鍵盤はもちろん、息を使わない弦楽器などもそうですね。ラ・フォル・ジュルネのマスタークラスの先生たちは、ほぼ全員、若い奏者たちに、息のことを指導してます。五線譜にブレスの位置を記入させてた先生もいます。ブレスとフレーズには切っても切れない関係があるみたいです。
>吐き終われば勝手に体に入ってくるから
これは私も言われましたよ。発声練習の前の練習でも一回一回吐ききってくださいと言われてます。やってるつもりなんですが、ほんとのとこはわかりません。後になってわかるのかもしれません。まだ五里霧中(ゴリ喪中)です。はぁ~。
ギターでもブレスがちゃんと出来ないと呼吸のある演奏になりませんね。聞いてる人も演奏者に会わせて呼吸するので、呼吸のない人の演奏は息が詰まってきます…。
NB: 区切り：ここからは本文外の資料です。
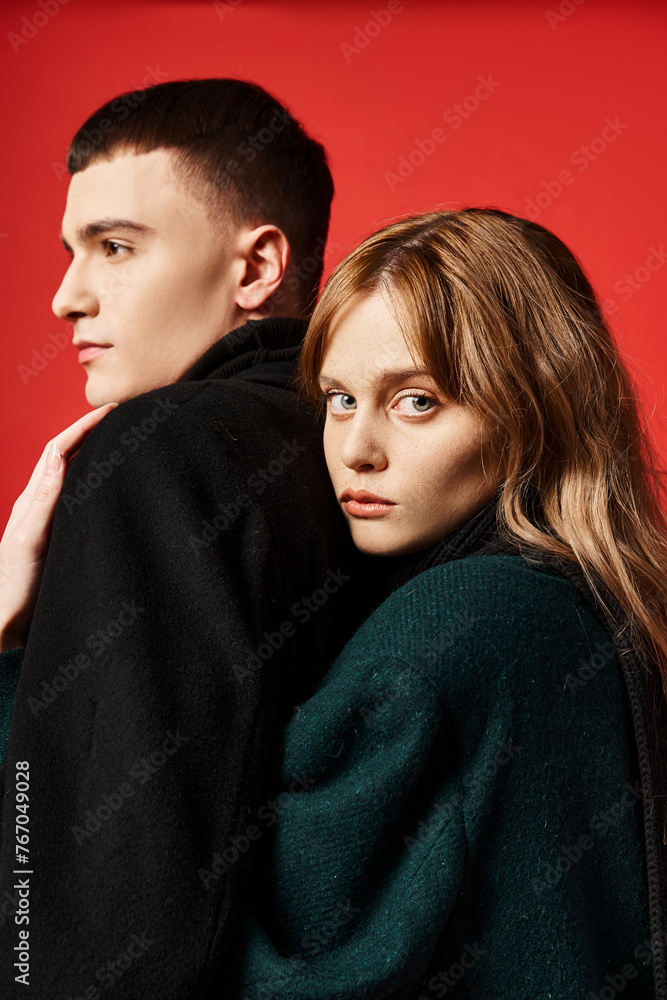 alluring woman in coat looking at camera and posing lovingly with her boyfriend on red backdrop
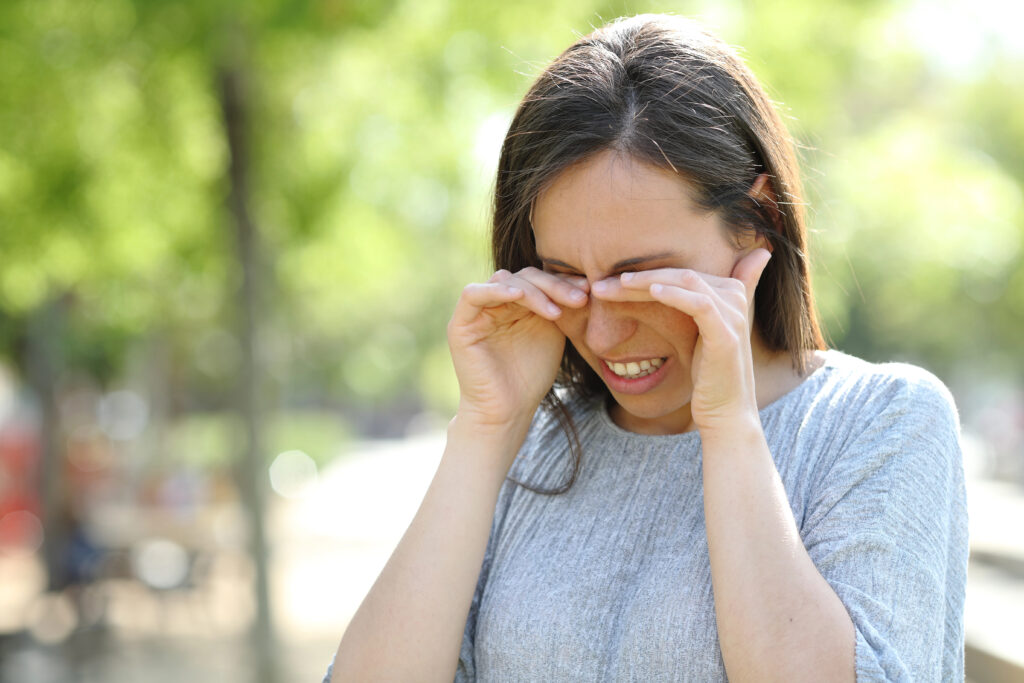 A woman in a gray sweater rubs her eyes outdoors on a sunny day, enjoying the vibrant surroundings. Maintaining healthy eyes is vital to prevent eye infections, especially when enjoying nature's beauty with a blurred green backdrop.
>おそらく息の支えの練習を、きちんとやんないといけないのだろうなあ…と思ってます。
そうなんですねえ。ちゃんと支えが出来てちゃんとした発声が出来るとブレスは足りますね。私もまだ苦労してます。(T_T)
>ticoさん
>聞いてる人も演奏者に会わせて呼吸するので、呼吸のない人の演奏は息が詰まってきます…。
そうそう、ギターに限らず、演奏者の呼吸がデタラメ(失礼)だと、お客はつらいね。いや、ほんと。
日本語には「息が合う」という表現がありますが、演者の呼吸が上手で適切だと、自然とお客もその呼吸に合わせてしまいます。そして舞台と客席の息がピタリと合った時。その時が最高の演奏なんでしょうね。
呼吸と少し離れますが、それよりなにより、つらいのが、苦しげに歌ってる歌手。歌手の苦しさがこちらに移ってきて、聞いているこっちまで酸欠になります。あれには参ります。
だから歌はラクに歌わないと、お客様を良い気分にさせられないのだと思います。